Example 41: Converting notes to shares
David bought 1,000 convertible notes in DCS Ltd on 1 July 1997 (that is, notes that were issued before 15 May 2002). The notes cost $5 each. Each convertible note is convertible into one DCS Ltd share. On expiry of the notes on 1 July 2000, shares in the company were worth $7 each. David converted the notes to shares, which are subject to CGT. No further amount was payable on conversion of the notes. David sold the shares on 4 December 2016 for $10 each.
The $2 ($7 − $5) gain David made on the conversion of each of the notes to shares was assessable to David as ordinary income at the time of conversion, that is, in the 2000–01 income year. As such, David has no capital gain in that year.

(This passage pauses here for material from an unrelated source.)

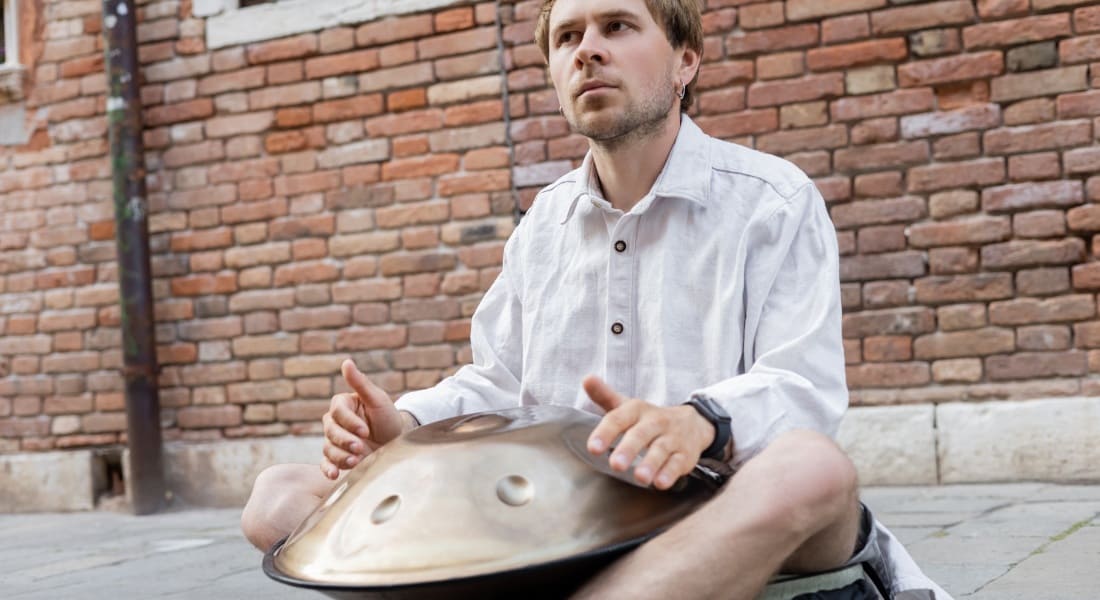 A handpan player sitting in the street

The $3 ($10 − $7) gain David made on the sale of each of the shares is subject to CGT. The $7 cost base is the market value per share on the date the notes converted to shares. Because he sold the shares after 11.45am (by legal time in the ACT) on 21 September 1999 and owned them for at least 12 months, David can claim the CGT discount. David calculates his capital gain as follows:
$3 per share × 1,000 shares = $3,000
less CGT discount of 50% = $1,500
Net capital gain = $1,500
David includes the capital gain on his 2017 tax return.